He spent 35 years on American television. He’s endorsed Frosted Cheerios. He inspired a Saturday Night Live parody. But can Gumby really provide anything of value to piano teachers? I for one, think so!
What can we learn about teaching piano to children… from a little green humanoid?
Bend, Don’t Break
Which brings us to 3 Gumby-inspired piano teaching tips…
1. Set reasonable piano practice expectations
While we all want our piano students at the piano each and every night of the week without fail… sometimes it is just not possible. Strict practice policies can be counterproductive; that is.. children may practice piano less. Set reasonable expectations based on each student’s piano goals.
If you teach children piano who have asked for exam-based piano lessons and who have their sights set on post-secondary music education, then by all means, be strict… it’s the only way lofty goals will be achieved. However, if you teach piano to children who are taking piano lessons for the simple love of music, than a missed practice session here and there should not create cause for concern. Only when recurring lack of piano practice begins to affect a student’s progress should action be taken.

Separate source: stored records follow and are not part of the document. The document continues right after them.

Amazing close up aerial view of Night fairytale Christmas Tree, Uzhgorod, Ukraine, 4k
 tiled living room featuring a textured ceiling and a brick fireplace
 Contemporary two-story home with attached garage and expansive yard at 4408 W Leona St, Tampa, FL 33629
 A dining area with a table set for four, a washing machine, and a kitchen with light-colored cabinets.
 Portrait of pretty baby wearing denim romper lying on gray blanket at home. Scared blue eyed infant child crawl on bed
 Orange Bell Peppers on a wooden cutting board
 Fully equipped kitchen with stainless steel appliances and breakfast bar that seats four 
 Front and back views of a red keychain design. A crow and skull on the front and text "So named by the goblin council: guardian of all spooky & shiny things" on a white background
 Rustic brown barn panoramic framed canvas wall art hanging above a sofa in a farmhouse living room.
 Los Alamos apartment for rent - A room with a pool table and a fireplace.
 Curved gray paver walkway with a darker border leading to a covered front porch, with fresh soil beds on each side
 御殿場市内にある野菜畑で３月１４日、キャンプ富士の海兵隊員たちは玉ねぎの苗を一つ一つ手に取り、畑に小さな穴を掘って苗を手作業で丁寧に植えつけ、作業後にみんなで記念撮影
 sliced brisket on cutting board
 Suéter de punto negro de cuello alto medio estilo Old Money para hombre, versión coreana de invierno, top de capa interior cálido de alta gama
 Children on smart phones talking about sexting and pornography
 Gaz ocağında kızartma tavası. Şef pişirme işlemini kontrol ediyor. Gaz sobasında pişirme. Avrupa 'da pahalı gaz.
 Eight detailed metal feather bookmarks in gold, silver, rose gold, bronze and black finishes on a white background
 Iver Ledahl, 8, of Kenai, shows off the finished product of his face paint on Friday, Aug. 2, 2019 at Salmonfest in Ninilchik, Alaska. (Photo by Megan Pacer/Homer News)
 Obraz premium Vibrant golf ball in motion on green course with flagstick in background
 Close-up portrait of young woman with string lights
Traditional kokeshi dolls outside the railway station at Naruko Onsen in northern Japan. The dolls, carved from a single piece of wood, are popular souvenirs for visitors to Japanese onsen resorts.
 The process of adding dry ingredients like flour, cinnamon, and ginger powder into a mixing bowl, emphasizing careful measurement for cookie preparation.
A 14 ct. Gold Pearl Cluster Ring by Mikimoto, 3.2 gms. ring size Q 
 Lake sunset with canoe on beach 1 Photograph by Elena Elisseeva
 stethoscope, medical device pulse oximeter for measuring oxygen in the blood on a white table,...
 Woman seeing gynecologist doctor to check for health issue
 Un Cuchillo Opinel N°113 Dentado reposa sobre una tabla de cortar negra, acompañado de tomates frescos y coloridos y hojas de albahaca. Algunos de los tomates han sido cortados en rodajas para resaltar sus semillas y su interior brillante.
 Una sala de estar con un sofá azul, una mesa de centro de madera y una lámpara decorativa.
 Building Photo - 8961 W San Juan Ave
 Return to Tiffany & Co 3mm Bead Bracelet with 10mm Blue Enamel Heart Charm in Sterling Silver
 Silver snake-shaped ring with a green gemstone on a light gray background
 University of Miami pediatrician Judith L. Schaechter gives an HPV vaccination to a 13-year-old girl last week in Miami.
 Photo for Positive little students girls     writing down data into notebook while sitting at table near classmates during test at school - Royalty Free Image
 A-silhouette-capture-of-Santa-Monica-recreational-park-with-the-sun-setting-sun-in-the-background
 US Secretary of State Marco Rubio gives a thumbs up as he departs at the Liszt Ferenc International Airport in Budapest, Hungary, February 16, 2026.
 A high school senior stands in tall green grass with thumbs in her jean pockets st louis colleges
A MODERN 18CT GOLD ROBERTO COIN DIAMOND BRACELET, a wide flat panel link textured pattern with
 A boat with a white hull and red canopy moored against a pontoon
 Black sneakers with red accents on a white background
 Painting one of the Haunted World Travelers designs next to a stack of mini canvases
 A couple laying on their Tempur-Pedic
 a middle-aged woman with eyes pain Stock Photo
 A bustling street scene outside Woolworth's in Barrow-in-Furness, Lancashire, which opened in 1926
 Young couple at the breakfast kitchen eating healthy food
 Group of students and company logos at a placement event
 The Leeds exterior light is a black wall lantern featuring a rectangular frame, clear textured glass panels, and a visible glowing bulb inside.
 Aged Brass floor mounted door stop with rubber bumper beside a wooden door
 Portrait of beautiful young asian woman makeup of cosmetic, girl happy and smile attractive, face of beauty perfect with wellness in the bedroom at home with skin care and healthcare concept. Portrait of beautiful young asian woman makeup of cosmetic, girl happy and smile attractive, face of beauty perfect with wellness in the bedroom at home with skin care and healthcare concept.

2. Include the likes of Lady Gaga amongst your piano teaching resources
Even if her music leaves you “Speechless” put on your “Poker Face” and pretend to love it. Appealing to individual music tastes when teaching children piano will keep your students interested and inspired, buying you time to teach a true appreciation for classical music.
3. Give all piano students a chance to make a good first impression
A lot of piano teachers hold entrance interviews with potential piano students before “taking them on”. While this isn’t an entirely bad idea, I would suggest having an initial trial period, rather than an entrance interview. Interviews can be manipulated (for good and bad), but nobody can fake a trial period.
Remember, bend but don’t break. Know your piano teaching boundaries. Don’t be immoveable… but don’t get pushed around.